É preciso recordar ao inefável Mestre Virgílio que os
subscritores só avançaram com a referida Acção Popular após terem verificado uma
incrível inacção das autoridades “competentes”, perante factos públicos e
notórios. Uma vergonha absoluta, em qualquer país minimamente civilizado.

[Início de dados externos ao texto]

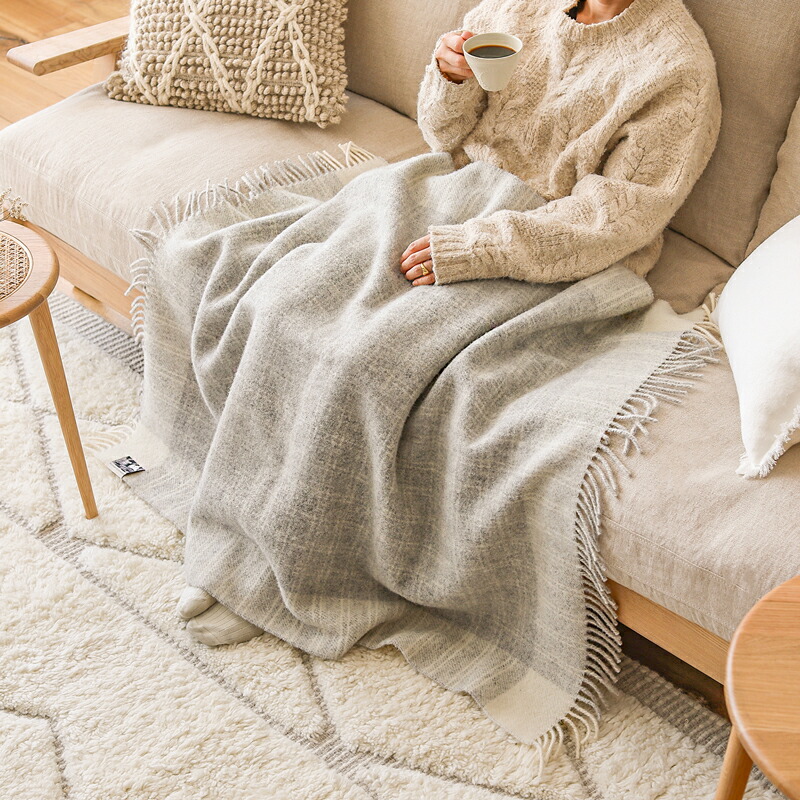 楽天市場】ウール ブランケット Silkeborg ダナーヤ フレームチェック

Cabo Verde, com efeito, está a transformar-se numa vulgar
Republiqueta das bananas, uma “democracia de fachada”, onde certos nababos (e os
respectivos compadres) cometem crimes graves e nunca são responsabilizados. A
corrupção está a ganhar terreno.
Ao contrário da venerável “esperteza” do doutor Virgílio,
os subscritores da Petição, cidadãos deste país, conscientes dos seus deveres,
acharam por bem lutar contra essa pouca-vergonha, que mancha sobremaneira a
imagem da nossa democracia. Afinal, estamos num Estado de Direito, onde todos
são iguais perante a lei.
Aquele que tiver a pretensão de violar os valores centrais
da República e da Justiça é um déspota e não merece honrarias nem aplausos.

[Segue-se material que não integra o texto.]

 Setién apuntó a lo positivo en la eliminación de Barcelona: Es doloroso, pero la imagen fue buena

É estranho que o senhor Virgílio não tenha levantado a sua
voz contra esse lamentável “statu quo”, uma autêntica “podridão administrativa”,
e esteja, agora, a batalhar contra aqueles que ousam, justamente, defender a
Constituição (a “reserva da justiça”, no dizer do constitucionalista Gomes
Canotilho), a igualdade e o primado da lei!
Há, na realidade, ensinava um sábio jusfilósofo, dois tipos
de Juristas: há aqueles que trabalham pela Justiça; mas há outros que só pensam
nos juros, no doce pecúlio!
E, por isso, bajulam, rastejam, reclamam a “prescrição” dos
crimes, na ânsia de agradar “O Príncipe”. Cada qual escolhe o seu caminho. Da
minha parte, só peço que ninguém me obrigue a legitimar a corrupção e o crime de
colarinho branco. Não contem comigo.
Os subscritores da Acção Popular seguiram, sim, a via
apropriada para defender o Estatuto dos Titulares de Cargos Públicos (ETCP). A
confusão virgiliana é, nesse ponto, tão primária que nem merece um comentário.
Só uma pergunta. Então Sua Excelência José Maria Neves, usando a sua condição de
Primeiro-Ministro, abusa do poder, comete um Crime de Responsabilidade, e mesmo
assim “não infringiu” o Estatuto de governante? É isso?!
Ora, uma criança de sete anos consegue perceber,
intuitivamente, o que o doutor Virgílio, com o seu prodigioso “saber”, vai
levar, certamente, algum tempo para compreender! É da mais elementar evidência
que José Maria Neves, no dia 22 de Janeiro de 2006, atentou, aliás gravemente,
contra o ETCP. Por vezes, reconheço, é difícil levar um Mestre a entrar nos
caminhos da Justiça…
Mais facilmente um camelo entraria no fundo de uma agulha!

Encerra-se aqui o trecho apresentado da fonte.